I’m interviewing Johnny Keefe, drummer from the boy band Boys Like Girls, who is an hour away from boarding a plane to Canada from Sydney, Australia. (“At least I think that’s what city we’re in,” he says, unconvincingly.)
I ask him if his publicist has informed him about the nature of my column, since I often find that, despite my best efforts, many publicists neglect to tell their artists I’m looking for a road story and not the typical “who-what-when-where-why” interview. Sure enough, it’s happened again. “I know nothing about it,” Keefe grumbles. “Our tour manager’s a complete retard—and you can print that. He never tells us anything!” (Including what city they’re in, apparently.)
It occurs to me there might be a story here. I can picture the headline—“Mentally Challenged Babysitter Leads Boy Band Astray”—but alas, I can’t get Keefe to spill any further details. Instead he tells me of a Myspace message he received only hours before, from a 15-year-old girl: “She wants to cut my skin off and wear it as her birthday suit on her birthday.”
“Wow!” I say. “She must... really like you?”
“It was a little weird,” says Keefe. “I looked at her MySpace page, and she had a lot of pictures of me, and she had said she was going to kill my fiancée, though I don’t have a fiancée.”
“Watch out for any girls with X-acto knives!” I say.
“Yeah, because that would not be cool.”
Unfortunately, this column is not about potential road stories; I need a story that’s actually happened. I decide to probe deeper. “Has anything remarkable happened to your band?” I prompt.
“Um... Bryan [Donahue, the band’s bassist] has fallen off the stage a couple of times. We’ll just be playing and all of a sudden—where’s Bryan? And he’ll just have fallen off.... It’s really weird.”
“How does that happen?”
“I don’t know. He just falls off. It’s really... weird.”
Oh, dear. Neither Keefe’s stories nor his adjectives are quite doing it for me.
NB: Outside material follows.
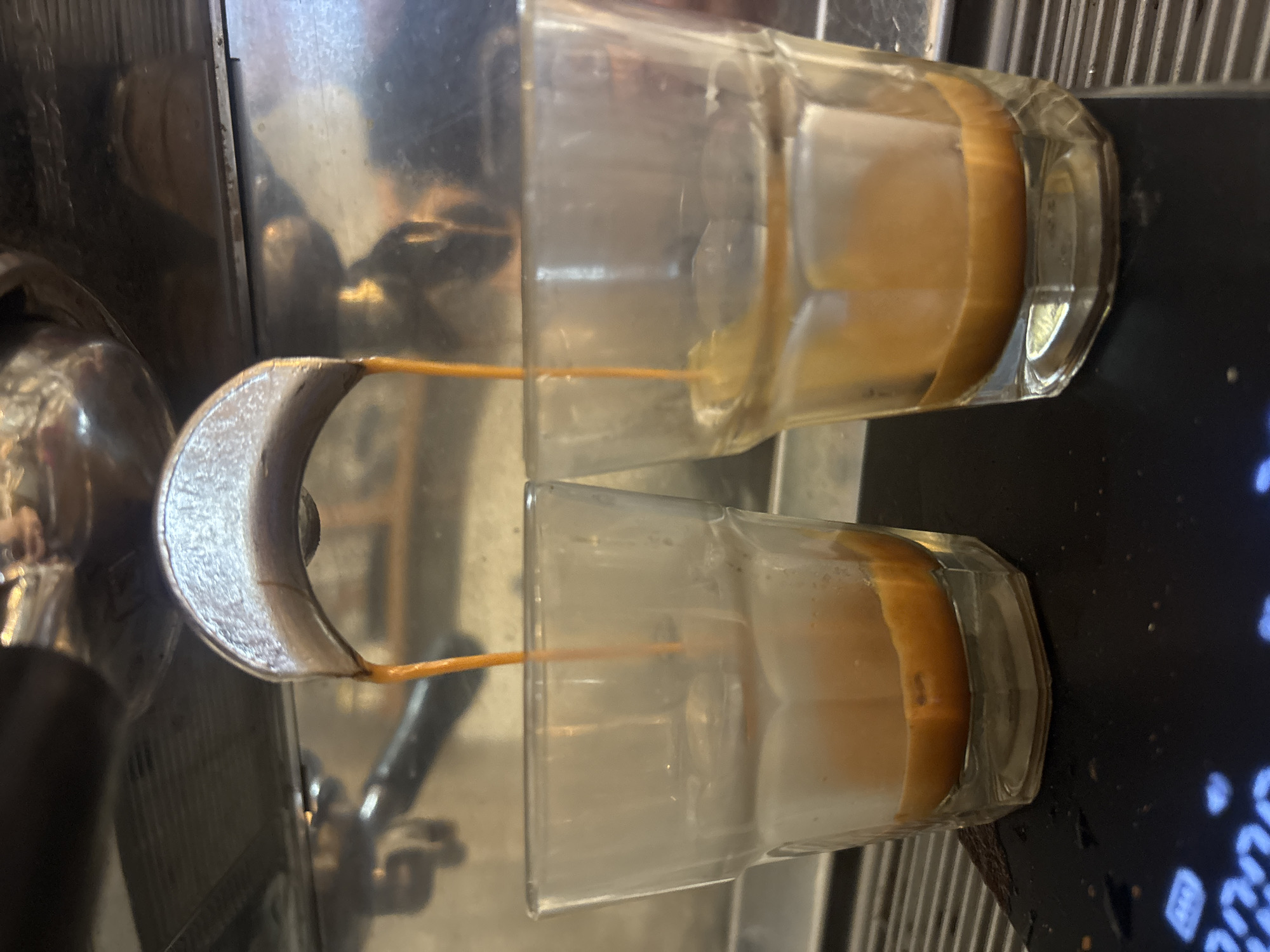 The image captures a close-up view of an espresso machine in the process of extracting two shots of coffee. Two thin, golden-brown streams of espresso pour simultaneously from the spouts of a metallic, dual-spout portafilter into two clear, small, rectangular glasses positioned below.
Each glass is partially filled with the beverage, showcasing its rich, caramel-like color and a visible layer of lighter, reddish-brown crema on top. The glasses themselves appear sturdy, with faceted sides near their bases.
The background reveals the shiny, metallic surfaces of the espresso machine, likely stainless steel or chrome, which reflect some ambient light. To the right of the glasses, a dark surface with faint blue light is discernible, possibly indicating a digital display or control panel of the machine. The setting appears to be an indoor environment, typical of a cafe or kitchen where coffee is prepared. No individuals are visible in the frame, nor are there any explicit textual elements, time-of-day indicators, or specific location cues within the image itself.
“Where does your band name come from?” I ask, dismally resorting to the last refuge of the hack music journalist.
“Oh!” Keefe suddenly interjects. “This one time, we were driving in, like, Idaho, and it was really icy and snowy. It was my turn, and it was really late, and I’d been driving forever because I could only drive so fast. But then it started clearing up, so I started going about 75, and everything’s going along smooth for about 20 minutes, and then suddenly the road hadn’t been plowed, it just stopped, there was like a rip where the street was and then all of a sudden there was, like, snow and ice. I didn’t hit the brake, I just let off the gas, and we started to slide. We had, like, a 16-foot trailer behind us and it started to swerve, and we started to swerve, and then we went sideways down the highway. Eventually we managed to come to a stop, but we ended up in the ditch and had to get pulled out. I thought I was going to die.
“We ended up putting a video of it on MySpace, because we’d taped this whole thing happening, and on camera we’re like, ‘How did this happen?’ and we put a banana peel out there.”
I laugh. “And how does this relate to your band name?”
“Oh. It doesn’t relate at all.”
Bloody hell. “Right. Okay. Well, I was waiting for some part in the middle of this near crash where one of you would yell out, ‘Did you know that boys like girls?’ or something like that. But it never came up.”
“No. But if you want to add that in there, that’d be funny!”
And that, dear readers, is how it all happened: a trailer full of geographically challenged boys slipped on a banana peel on a deserted snowy highway in Idaho, and thus Boys Like Girls was born. You read it first in SEE.
And, for the record, I plan to avoid interviewing boy bands from now on.
Boys Like Girls play Rexall Place with Avril Lavigne on March 12.